- [Prompt]: Every line from the one with "DeWALT DCGG571M1 20V" to the one with "Other - Vintage", including those two, is to be copied exactly; all other lines of the entries below are left out.

BEGIN Input

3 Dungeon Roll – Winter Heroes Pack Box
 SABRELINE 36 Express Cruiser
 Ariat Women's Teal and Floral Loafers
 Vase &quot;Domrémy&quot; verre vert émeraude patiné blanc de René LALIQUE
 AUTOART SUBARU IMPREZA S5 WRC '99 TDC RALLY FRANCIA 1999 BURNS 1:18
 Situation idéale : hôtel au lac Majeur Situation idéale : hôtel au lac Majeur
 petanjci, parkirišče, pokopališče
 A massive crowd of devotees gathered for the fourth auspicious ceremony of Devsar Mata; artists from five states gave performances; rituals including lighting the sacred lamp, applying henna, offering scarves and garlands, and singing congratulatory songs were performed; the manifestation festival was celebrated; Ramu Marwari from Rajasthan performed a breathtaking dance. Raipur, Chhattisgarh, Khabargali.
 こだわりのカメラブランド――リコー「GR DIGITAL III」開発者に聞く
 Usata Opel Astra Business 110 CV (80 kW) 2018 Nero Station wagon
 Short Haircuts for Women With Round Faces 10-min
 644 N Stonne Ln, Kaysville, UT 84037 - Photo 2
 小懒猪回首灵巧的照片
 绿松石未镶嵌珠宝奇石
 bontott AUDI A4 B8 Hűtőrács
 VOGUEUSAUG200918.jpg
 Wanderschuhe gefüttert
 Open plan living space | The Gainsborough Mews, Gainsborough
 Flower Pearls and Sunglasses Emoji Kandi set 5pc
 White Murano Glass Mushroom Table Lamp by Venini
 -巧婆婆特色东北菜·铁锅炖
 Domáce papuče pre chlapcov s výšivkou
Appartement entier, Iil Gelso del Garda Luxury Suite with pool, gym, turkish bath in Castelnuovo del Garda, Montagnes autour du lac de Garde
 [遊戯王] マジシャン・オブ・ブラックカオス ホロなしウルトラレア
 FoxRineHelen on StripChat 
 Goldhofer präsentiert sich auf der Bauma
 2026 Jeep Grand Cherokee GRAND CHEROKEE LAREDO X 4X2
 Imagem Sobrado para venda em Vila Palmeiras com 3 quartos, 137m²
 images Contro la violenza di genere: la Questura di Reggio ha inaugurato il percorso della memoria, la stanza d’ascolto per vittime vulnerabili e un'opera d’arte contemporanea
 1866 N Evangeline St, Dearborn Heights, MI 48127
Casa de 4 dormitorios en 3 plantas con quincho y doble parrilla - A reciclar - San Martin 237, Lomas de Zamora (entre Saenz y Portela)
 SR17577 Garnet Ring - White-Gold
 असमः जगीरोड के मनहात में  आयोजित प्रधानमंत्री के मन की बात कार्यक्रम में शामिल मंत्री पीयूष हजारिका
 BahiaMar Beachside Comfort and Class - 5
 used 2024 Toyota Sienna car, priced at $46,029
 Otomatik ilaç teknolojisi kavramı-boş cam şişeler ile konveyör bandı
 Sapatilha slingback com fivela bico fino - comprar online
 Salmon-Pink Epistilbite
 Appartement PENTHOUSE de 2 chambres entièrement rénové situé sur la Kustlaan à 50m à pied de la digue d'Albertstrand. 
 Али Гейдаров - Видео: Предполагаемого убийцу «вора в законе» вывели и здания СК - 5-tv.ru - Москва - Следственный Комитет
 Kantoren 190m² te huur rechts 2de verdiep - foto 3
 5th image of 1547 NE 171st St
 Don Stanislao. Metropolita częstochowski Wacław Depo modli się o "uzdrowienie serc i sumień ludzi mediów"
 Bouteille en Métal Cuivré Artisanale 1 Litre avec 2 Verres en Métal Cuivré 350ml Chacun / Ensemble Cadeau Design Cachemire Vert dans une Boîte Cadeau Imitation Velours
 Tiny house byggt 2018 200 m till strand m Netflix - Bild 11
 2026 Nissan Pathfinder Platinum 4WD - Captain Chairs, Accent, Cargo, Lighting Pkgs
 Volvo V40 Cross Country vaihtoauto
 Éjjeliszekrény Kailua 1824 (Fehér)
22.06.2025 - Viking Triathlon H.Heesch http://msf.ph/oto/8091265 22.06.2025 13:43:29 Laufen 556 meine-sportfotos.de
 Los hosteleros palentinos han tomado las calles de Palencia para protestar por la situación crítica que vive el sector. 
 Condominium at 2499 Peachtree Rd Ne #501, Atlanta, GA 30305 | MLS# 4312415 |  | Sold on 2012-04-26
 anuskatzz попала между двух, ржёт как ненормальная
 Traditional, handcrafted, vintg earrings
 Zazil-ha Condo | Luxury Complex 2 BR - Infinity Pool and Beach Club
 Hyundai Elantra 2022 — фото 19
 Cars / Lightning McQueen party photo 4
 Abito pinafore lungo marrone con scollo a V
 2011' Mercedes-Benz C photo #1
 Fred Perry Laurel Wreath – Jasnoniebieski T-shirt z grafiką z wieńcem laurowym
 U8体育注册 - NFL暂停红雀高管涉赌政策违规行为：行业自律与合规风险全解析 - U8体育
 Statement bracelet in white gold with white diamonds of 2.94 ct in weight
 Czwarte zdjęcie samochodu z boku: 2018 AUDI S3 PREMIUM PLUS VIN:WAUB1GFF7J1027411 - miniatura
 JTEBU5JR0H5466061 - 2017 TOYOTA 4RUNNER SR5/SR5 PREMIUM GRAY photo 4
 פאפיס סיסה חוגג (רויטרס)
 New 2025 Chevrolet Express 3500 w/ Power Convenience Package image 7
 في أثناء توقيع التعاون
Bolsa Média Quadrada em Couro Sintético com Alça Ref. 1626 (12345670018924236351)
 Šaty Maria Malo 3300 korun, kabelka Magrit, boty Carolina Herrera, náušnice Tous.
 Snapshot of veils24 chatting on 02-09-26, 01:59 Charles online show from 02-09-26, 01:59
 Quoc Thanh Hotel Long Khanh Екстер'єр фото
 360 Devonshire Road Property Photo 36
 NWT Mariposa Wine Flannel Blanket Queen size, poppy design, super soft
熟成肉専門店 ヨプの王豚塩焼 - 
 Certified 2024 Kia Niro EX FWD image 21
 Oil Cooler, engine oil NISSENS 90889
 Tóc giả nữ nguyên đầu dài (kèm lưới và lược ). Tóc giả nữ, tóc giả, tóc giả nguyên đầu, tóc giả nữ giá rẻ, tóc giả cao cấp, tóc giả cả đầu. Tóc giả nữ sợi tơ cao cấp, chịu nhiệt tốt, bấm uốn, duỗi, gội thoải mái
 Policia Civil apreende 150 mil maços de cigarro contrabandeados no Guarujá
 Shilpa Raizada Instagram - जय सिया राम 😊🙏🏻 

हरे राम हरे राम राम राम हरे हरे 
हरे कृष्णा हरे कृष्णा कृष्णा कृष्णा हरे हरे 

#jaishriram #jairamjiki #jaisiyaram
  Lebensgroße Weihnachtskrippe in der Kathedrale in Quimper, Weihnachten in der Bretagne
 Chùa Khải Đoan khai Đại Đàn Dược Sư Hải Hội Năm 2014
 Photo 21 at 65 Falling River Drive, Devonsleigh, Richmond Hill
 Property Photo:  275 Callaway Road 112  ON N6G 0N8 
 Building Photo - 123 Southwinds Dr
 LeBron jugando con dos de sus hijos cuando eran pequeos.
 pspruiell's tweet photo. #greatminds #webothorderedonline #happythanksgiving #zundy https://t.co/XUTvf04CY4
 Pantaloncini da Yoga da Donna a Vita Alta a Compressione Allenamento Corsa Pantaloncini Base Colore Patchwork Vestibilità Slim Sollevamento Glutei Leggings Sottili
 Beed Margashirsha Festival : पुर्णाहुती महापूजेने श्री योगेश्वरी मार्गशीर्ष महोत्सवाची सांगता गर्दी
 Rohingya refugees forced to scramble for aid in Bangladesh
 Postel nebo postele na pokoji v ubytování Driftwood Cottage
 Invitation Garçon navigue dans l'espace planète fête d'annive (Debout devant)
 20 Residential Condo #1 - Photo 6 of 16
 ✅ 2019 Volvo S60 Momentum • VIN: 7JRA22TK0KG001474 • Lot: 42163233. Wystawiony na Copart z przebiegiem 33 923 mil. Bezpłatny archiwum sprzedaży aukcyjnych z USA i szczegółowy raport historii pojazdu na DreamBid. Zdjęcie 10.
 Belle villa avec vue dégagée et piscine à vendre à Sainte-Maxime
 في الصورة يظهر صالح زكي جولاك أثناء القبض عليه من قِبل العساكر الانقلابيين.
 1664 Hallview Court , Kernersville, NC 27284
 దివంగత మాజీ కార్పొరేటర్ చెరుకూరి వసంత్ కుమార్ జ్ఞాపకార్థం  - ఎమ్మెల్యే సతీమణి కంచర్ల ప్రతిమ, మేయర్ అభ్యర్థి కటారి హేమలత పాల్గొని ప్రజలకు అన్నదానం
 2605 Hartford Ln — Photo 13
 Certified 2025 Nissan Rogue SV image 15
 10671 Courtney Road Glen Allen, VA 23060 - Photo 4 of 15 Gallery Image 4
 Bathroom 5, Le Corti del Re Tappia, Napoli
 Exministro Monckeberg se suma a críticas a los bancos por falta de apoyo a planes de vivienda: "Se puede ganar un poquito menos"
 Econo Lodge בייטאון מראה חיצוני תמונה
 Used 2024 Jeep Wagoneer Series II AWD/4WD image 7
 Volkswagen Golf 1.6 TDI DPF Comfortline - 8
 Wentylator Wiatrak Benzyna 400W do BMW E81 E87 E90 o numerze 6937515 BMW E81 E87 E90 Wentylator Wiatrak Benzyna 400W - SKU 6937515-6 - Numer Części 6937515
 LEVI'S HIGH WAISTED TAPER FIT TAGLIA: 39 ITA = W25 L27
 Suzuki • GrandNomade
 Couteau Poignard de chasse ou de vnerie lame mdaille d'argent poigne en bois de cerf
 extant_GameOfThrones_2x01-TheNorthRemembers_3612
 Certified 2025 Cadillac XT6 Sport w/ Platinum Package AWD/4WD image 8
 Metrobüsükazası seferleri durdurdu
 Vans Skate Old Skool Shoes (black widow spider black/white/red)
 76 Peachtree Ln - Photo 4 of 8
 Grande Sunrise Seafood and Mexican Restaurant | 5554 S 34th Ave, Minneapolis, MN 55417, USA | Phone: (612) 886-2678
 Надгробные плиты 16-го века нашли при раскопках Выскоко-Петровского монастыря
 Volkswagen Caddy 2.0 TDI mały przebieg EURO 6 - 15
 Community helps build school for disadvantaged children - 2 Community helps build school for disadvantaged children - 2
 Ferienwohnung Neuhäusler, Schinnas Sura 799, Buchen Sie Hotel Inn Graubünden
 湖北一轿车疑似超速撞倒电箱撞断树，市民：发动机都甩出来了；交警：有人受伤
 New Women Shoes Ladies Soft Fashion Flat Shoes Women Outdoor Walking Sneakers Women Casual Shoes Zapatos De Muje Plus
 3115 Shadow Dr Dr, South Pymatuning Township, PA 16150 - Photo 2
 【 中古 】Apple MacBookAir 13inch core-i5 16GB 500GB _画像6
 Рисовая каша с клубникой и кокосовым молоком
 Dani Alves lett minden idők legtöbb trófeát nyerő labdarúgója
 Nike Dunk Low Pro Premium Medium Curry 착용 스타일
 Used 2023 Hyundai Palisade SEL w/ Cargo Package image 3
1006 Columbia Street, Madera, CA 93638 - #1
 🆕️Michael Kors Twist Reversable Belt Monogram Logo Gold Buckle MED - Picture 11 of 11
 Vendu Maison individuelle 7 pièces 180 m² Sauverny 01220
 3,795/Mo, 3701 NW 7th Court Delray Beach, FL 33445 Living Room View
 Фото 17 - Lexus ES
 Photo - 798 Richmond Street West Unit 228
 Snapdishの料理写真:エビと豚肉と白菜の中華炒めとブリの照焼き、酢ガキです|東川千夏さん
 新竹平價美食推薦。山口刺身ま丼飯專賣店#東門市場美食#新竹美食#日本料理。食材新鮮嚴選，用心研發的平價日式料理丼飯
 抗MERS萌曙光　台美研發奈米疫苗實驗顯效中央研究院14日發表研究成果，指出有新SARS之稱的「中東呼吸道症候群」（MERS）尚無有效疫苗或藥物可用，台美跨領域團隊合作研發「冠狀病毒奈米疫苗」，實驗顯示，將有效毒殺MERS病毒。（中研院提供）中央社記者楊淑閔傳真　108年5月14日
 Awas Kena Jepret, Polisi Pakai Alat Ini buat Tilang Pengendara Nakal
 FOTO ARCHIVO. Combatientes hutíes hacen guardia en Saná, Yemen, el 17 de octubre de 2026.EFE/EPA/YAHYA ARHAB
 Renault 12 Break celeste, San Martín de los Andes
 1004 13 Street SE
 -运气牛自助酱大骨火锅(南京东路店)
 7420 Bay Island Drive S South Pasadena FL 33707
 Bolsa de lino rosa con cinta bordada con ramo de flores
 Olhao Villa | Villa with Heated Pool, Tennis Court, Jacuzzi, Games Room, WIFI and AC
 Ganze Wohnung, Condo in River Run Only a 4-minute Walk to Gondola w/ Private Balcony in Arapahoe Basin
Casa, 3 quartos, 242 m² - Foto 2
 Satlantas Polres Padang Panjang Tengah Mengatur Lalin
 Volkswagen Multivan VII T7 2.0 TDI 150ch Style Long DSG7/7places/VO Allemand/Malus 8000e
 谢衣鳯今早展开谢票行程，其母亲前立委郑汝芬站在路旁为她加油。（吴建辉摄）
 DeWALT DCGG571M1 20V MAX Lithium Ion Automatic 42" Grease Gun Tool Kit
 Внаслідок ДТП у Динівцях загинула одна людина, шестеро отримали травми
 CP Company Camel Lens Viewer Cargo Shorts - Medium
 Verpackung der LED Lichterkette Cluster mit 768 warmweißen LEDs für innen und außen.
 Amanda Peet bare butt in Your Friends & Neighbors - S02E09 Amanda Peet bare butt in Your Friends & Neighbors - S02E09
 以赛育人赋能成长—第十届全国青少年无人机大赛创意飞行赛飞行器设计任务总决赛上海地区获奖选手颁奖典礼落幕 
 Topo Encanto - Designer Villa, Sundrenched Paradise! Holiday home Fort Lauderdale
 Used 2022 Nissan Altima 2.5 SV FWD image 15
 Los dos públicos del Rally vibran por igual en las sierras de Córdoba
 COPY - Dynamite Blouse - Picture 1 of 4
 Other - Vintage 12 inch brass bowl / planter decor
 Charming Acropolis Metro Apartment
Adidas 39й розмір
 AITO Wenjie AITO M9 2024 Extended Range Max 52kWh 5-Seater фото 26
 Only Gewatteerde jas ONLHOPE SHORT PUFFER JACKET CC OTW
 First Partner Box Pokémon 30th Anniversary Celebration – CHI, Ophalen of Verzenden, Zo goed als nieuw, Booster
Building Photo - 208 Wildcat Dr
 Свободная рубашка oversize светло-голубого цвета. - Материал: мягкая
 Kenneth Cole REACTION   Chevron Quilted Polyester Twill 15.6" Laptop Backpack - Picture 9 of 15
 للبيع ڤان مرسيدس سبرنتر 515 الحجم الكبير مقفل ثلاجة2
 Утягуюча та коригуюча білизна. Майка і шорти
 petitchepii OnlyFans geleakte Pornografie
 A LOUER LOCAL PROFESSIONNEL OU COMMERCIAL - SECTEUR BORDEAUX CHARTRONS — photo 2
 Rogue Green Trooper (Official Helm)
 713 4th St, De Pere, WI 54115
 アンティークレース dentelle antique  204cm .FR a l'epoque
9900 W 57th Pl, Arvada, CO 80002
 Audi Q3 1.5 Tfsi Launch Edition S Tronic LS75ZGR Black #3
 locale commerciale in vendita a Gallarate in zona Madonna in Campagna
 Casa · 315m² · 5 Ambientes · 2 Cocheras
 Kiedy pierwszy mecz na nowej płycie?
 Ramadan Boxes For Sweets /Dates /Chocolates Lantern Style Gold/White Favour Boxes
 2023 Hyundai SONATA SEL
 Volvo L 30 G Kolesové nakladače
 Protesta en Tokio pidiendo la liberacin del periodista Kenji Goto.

END Input

- [Output for this task]:
 DeWALT DCGG571M1 20V MAX Lithium Ion Automatic 42" Grease Gun Tool Kit
 Внаслідок ДТП у Динівцях загинула одна людина, шестеро отримали травми
 CP Company Camel Lens Viewer Cargo Shorts - Medium
 Verpackung der LED Lichterkette Cluster mit 768 warmweißen LEDs für innen und außen.
 Amanda Peet bare butt in Your Friends & Neighbors - S02E09 Amanda Peet bare butt in Your Friends & Neighbors - S02E09
 以赛育人赋能成长—第十届全国青少年无人机大赛创意飞行赛飞行器设计任务总决赛上海地区获奖选手颁奖典礼落幕 
 Topo Encanto - Designer Villa, Sundrenched Paradise! Holiday home Fort Lauderdale
 Used 2022 Nissan Altima 2.5 SV FWD image 15
 Los dos públicos del Rally vibran por igual en las sierras de Córdoba
 COPY - Dynamite Blouse - Picture 1 of 4
 Other - Vintage 12 inch brass bowl / planter decor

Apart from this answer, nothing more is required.